[Stored dataset items]

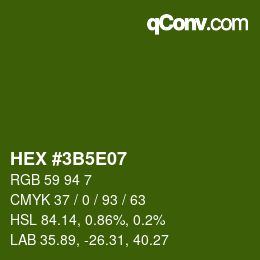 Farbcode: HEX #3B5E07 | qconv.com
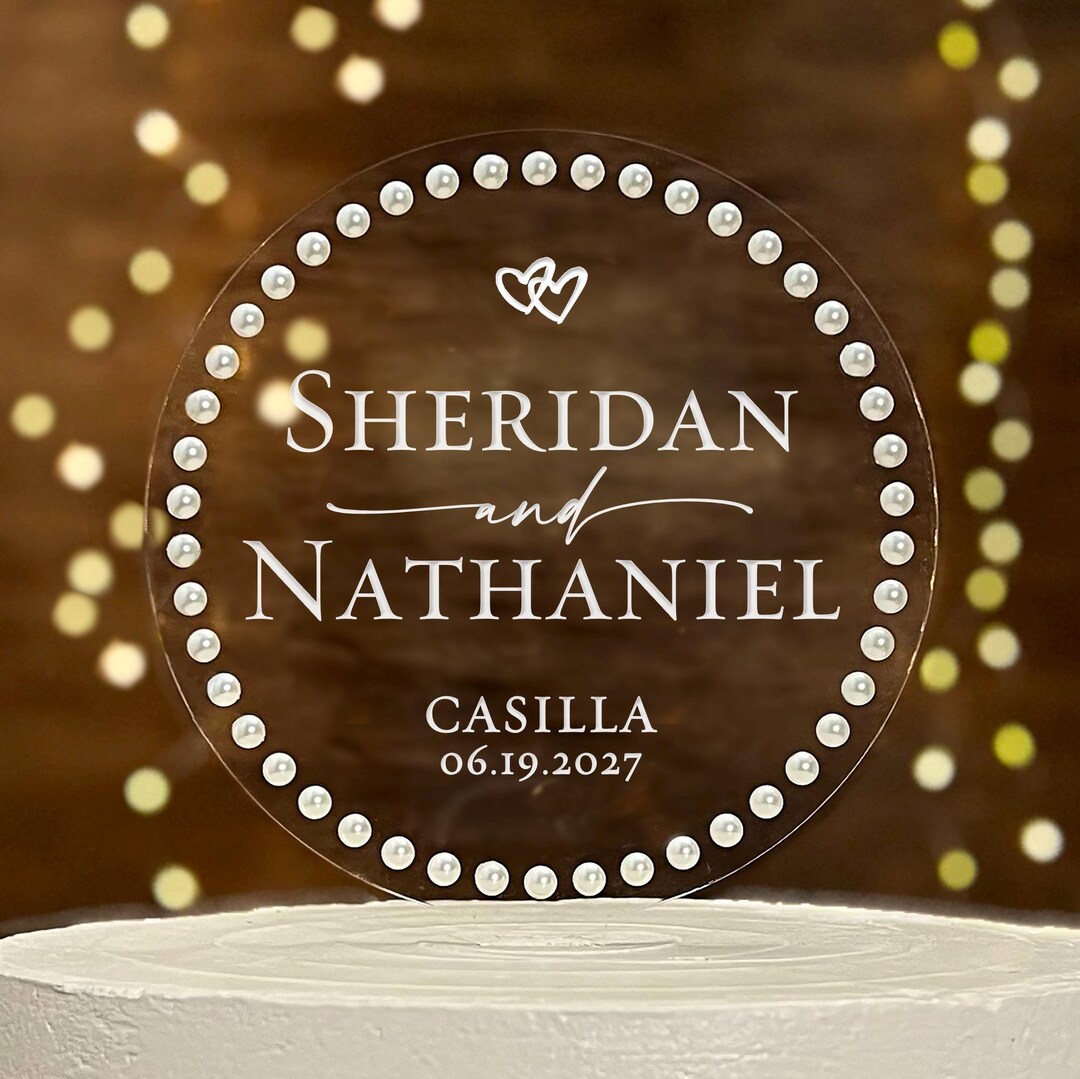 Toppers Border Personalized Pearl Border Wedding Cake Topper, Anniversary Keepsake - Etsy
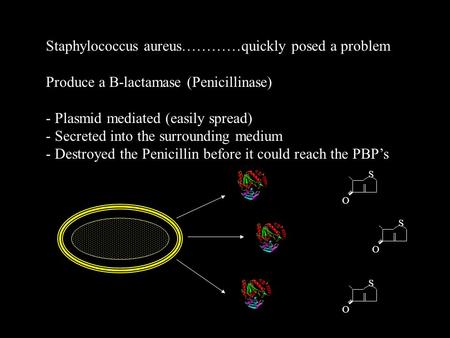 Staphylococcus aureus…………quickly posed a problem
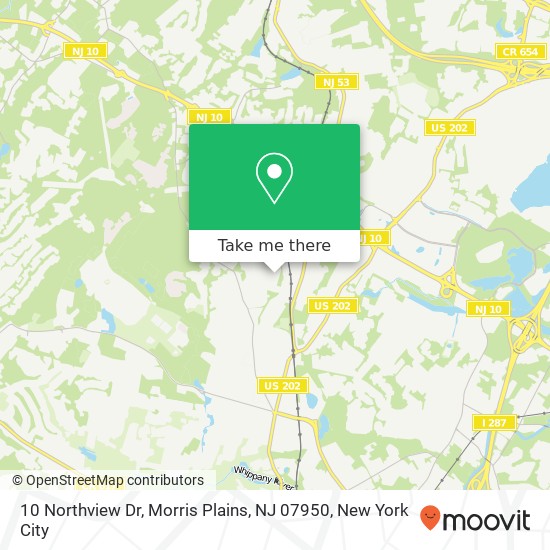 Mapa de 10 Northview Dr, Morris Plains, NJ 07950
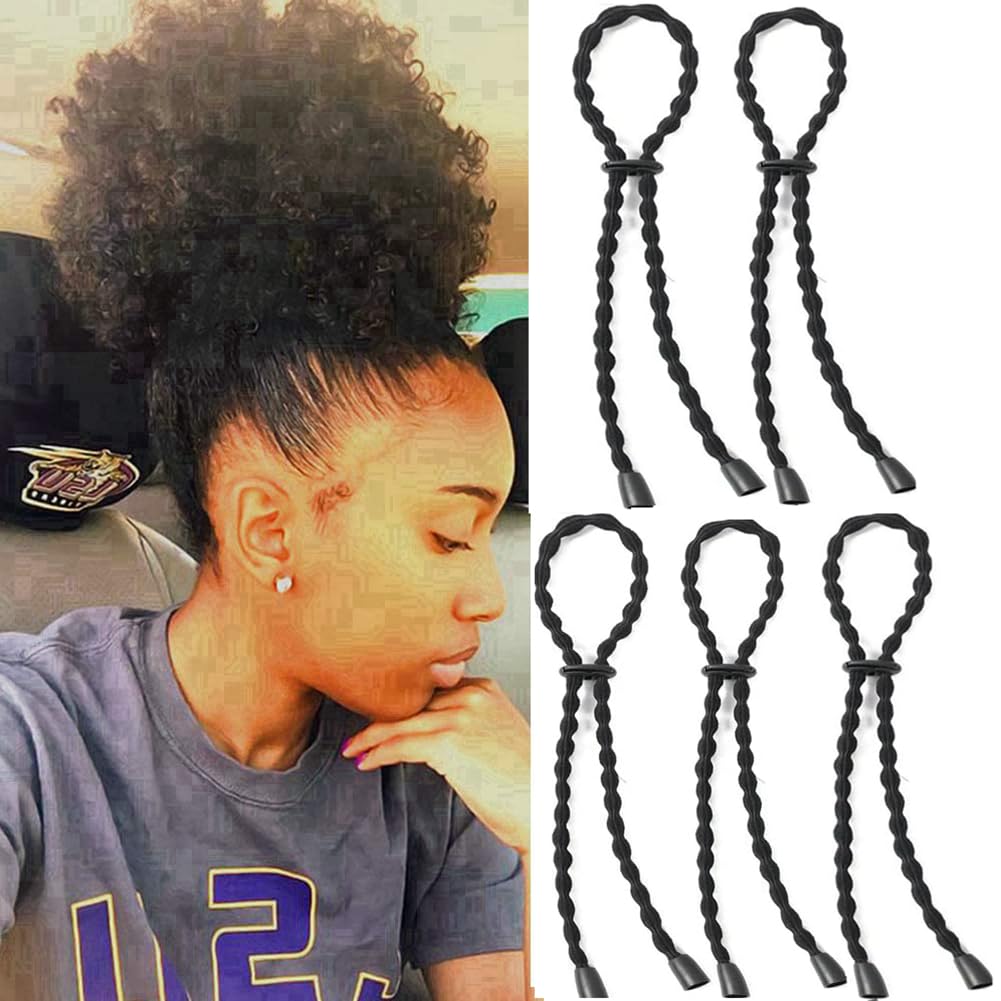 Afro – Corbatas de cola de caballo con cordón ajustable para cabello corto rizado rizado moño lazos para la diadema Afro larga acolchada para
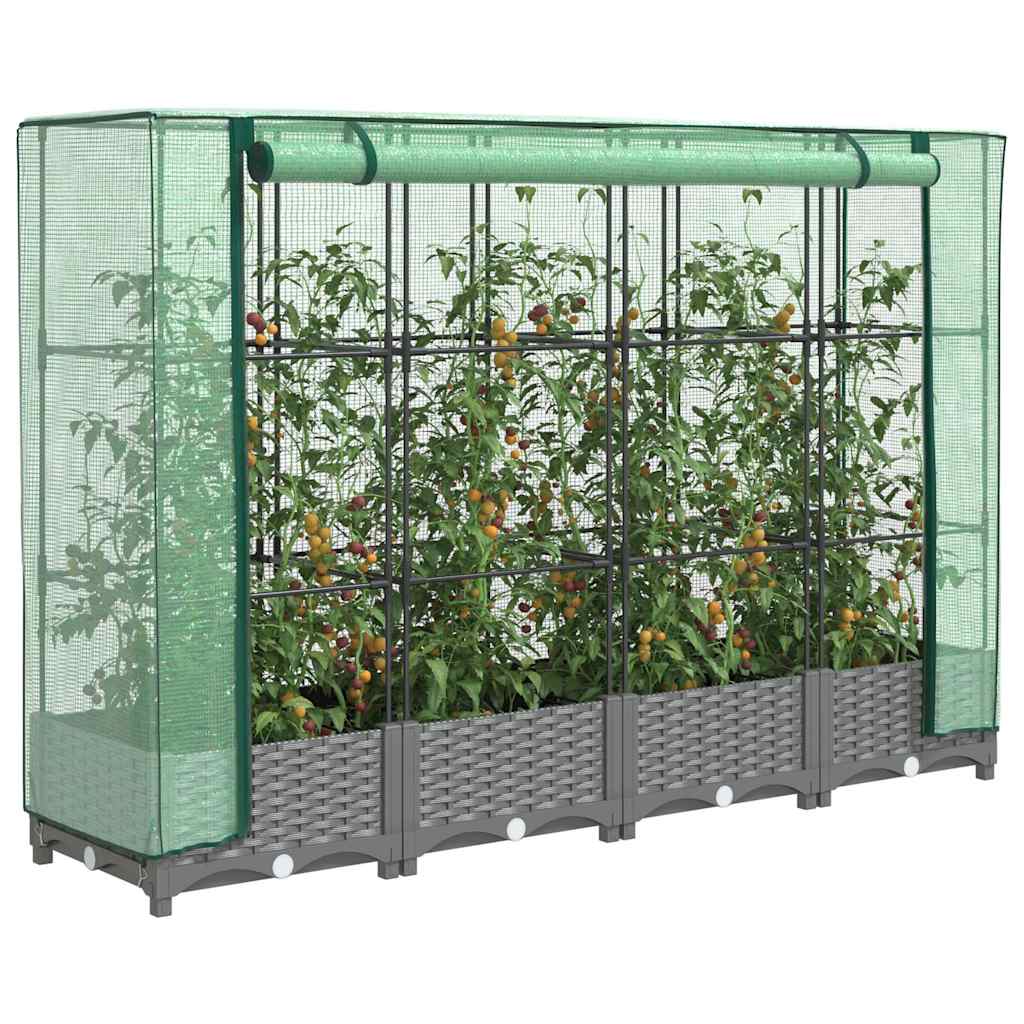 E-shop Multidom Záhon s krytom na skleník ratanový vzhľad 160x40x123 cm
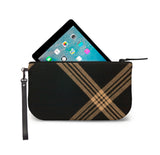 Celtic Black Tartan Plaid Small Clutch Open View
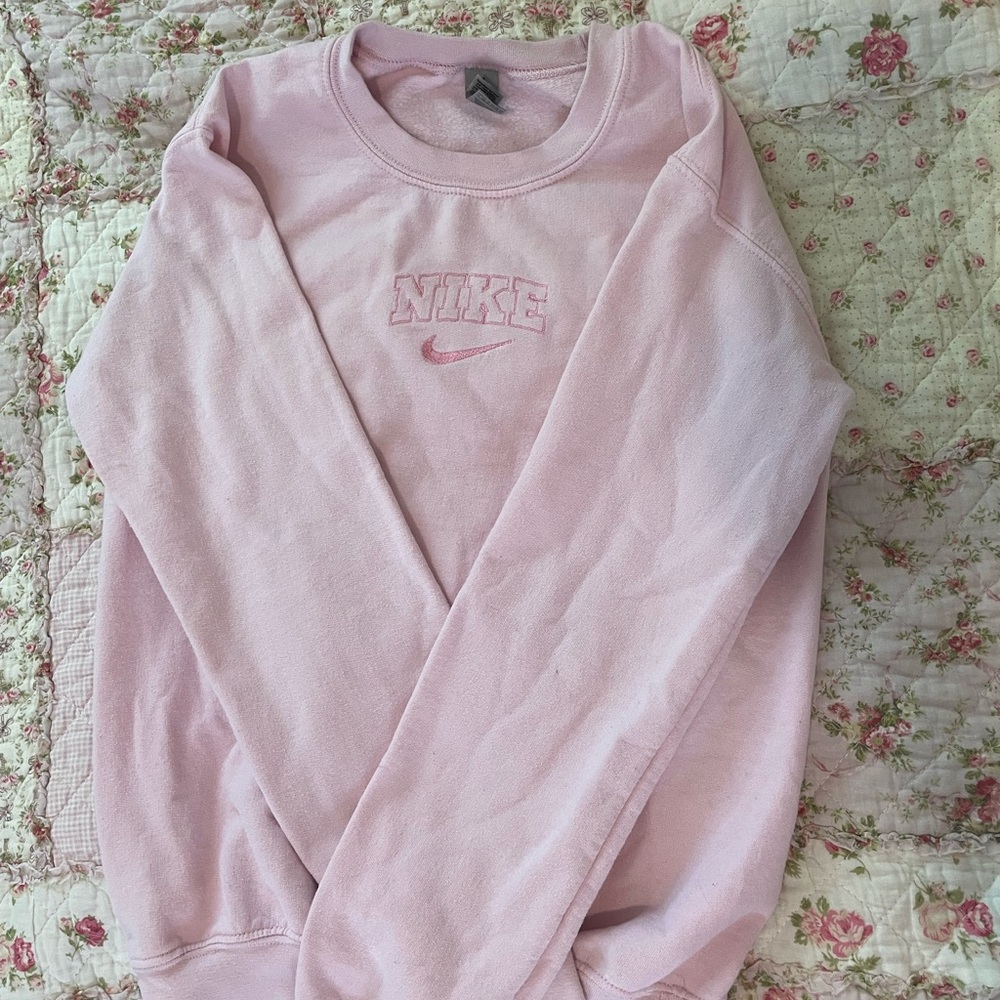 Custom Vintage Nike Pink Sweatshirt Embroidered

__The task__: From the line containing "Toppers Border Personalized" down to the last line of the entries above, copy each line exactly and nothing more. Leave pictures out.

__The completed task__:
 Toppers Border Personalized Pearl Border Wedding Cake Topper, Anniversary Keepsake - Etsy
 Staphylococcus aureus…………quickly posed a problem
 Mapa de 10 Northview Dr, Morris Plains, NJ 07950
 Afro – Corbatas de cola de caballo con cordón ajustable para cabello corto rizado rizado moño lazos para la diadema Afro larga acolchada para
 E-shop Multidom Záhon s krytom na skleník ratanový vzhľad 160x40x123 cm
 Celtic Black Tartan Plaid Small Clutch Open View
 Custom Vintage Nike Pink Sweatshirt Embroidered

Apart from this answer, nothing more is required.